--- START ---

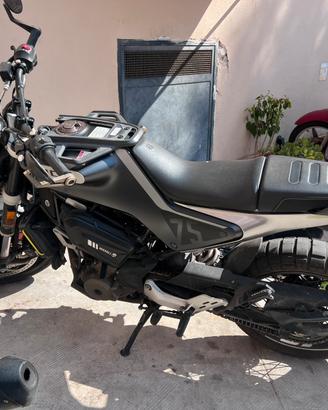 Husqvarna Svartpilen 401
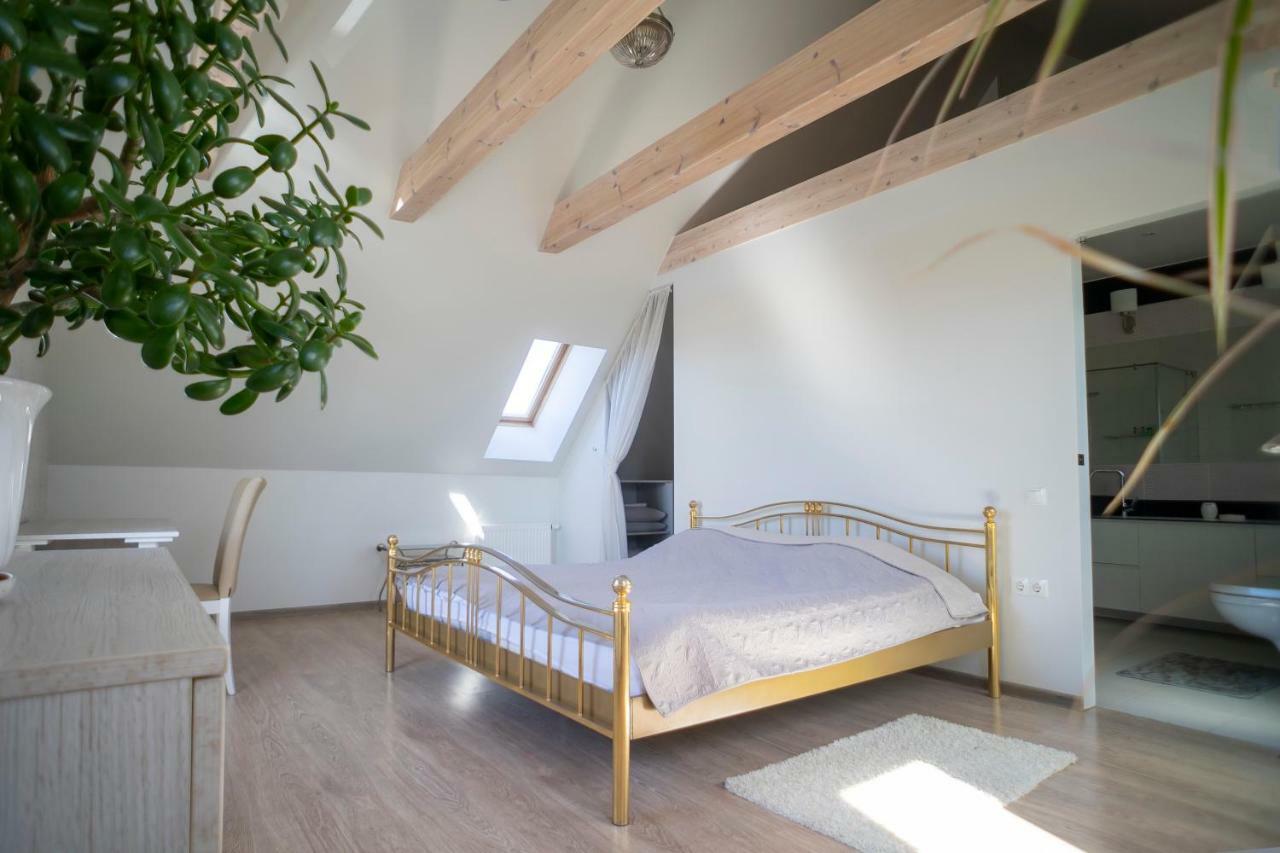 Hotel Sveciu Namai Lanko G. à Klaipėda Extérieur photo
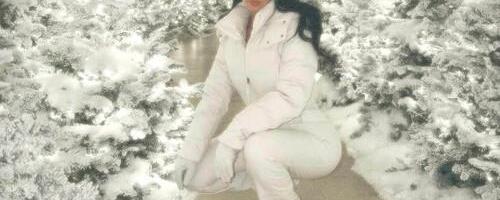 "Kuća joj je udobna kao mrtvačnica" Kim Kardašijan uložila 10.000 $ u novogodišnju dekoraciju, ali uzalud: "Izgleda kao skladište"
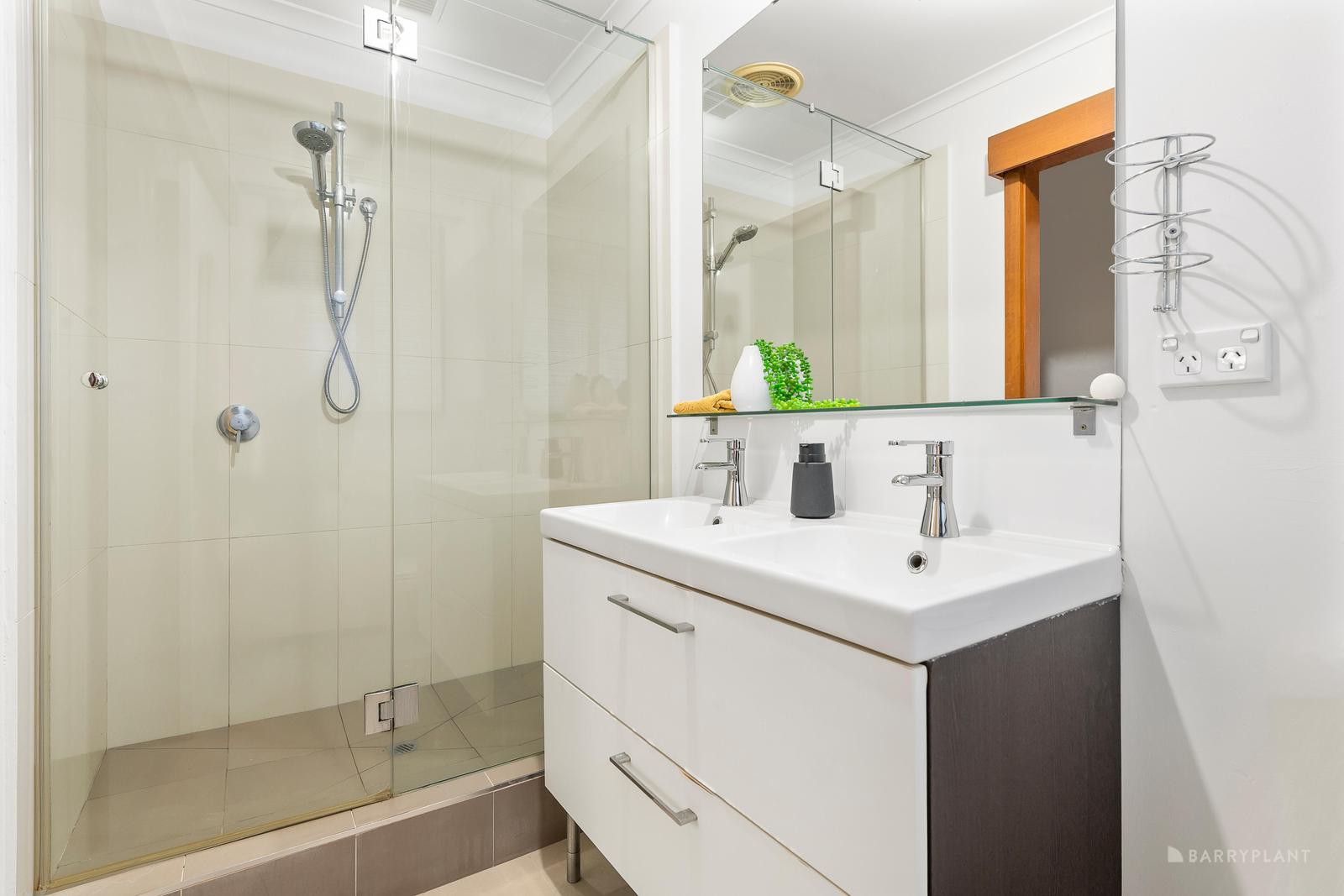 12 Gairlock Court, Doncaster, VIC 3108, Doncaster - Thumbnail 8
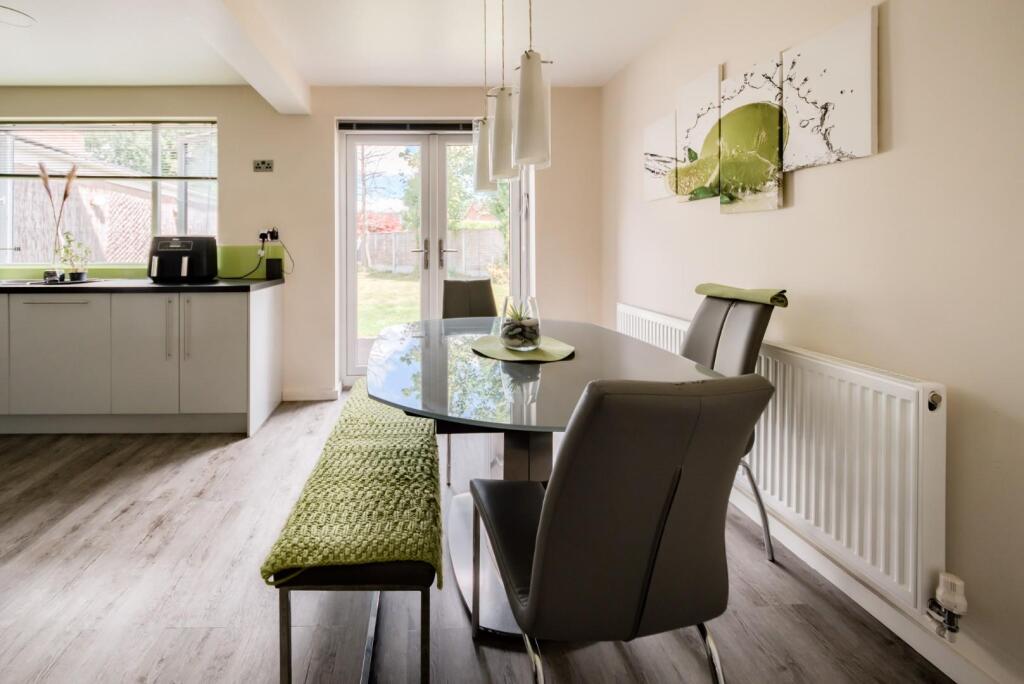 House in Solihull, West Midlands - More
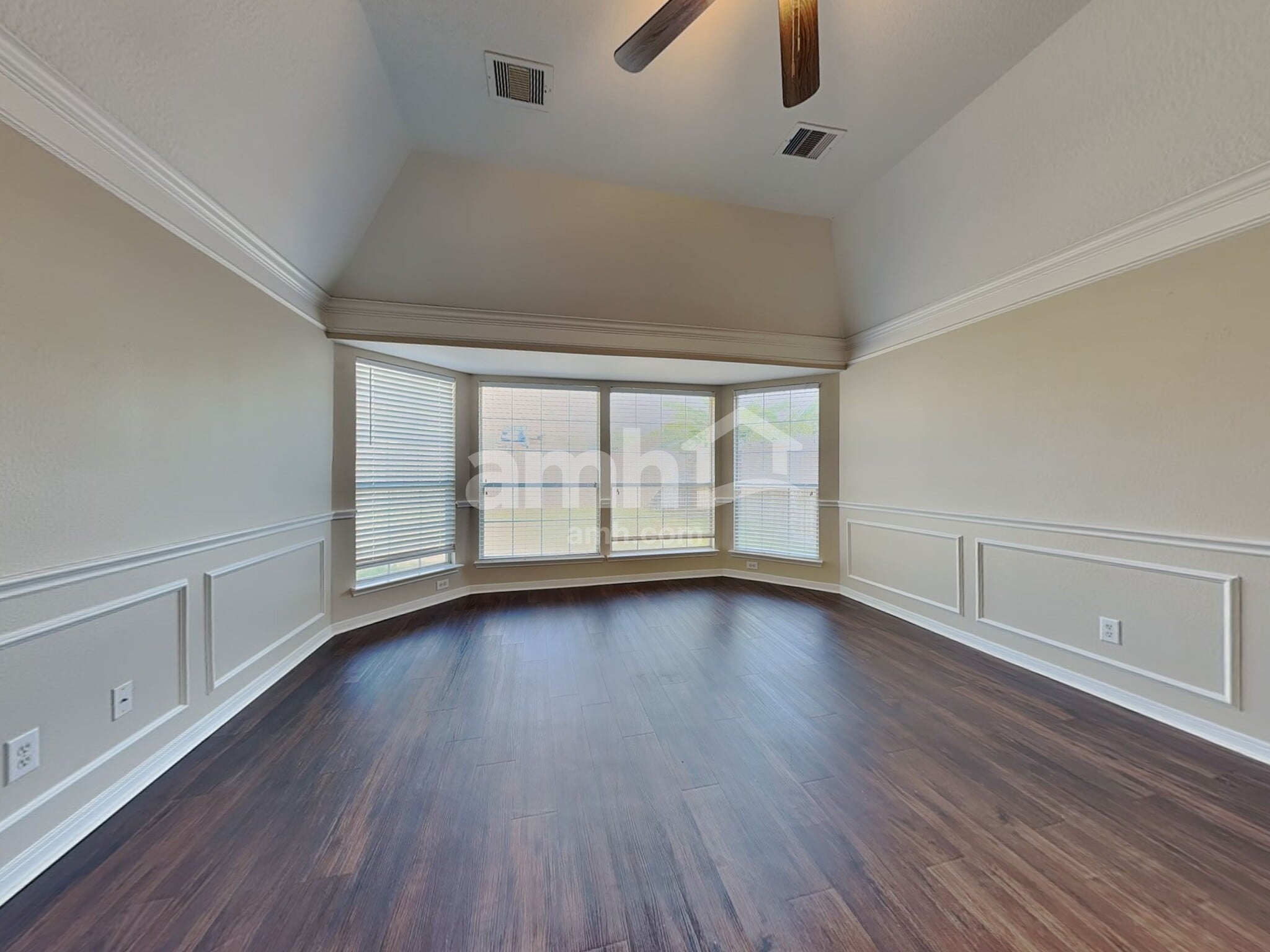 Building Photo - 439 Pinewood Ridge Dr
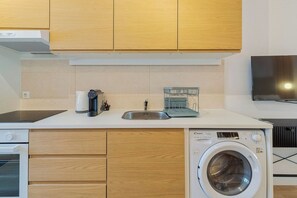 Microwave, oven, stovetop, coffee/tea maker - Downtown Setúbal Apartment I (Setúbal)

--- END ---

* _WORK TO BE COMPLETED_:
Without the pictures, please reproduce each line of the listing above exactly, from the first one through the line bearing "Building Photo - 439 Pinewood Ridge Dr".

* _RESPONSE AREA_:
 Husqvarna Svartpilen 401
 Hotel Sveciu Namai Lanko G. à Klaipėda Extérieur photo
 "Kuća joj je udobna kao mrtvačnica" Kim Kardašijan uložila 10.000 $ u novogodišnju dekoraciju, ali uzalud: "Izgleda kao skladište"
 12 Gairlock Court, Doncaster, VIC 3108, Doncaster - Thumbnail 8
 House in Solihull, West Midlands - More
 Building Photo - 439 Pinewood Ridge Dr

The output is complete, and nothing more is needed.